Work to be completed - In the entries below, count every line containing "Portable". Return the number and nothing else.

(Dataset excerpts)
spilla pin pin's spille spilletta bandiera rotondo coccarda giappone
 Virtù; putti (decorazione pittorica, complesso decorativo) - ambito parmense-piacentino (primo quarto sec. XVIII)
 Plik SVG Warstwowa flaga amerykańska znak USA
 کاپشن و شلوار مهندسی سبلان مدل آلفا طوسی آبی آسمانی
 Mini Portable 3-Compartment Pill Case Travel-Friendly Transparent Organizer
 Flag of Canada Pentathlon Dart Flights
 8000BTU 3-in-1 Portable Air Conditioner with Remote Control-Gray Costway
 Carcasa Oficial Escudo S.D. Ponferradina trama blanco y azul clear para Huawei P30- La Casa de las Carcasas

Solution to the exercise - 2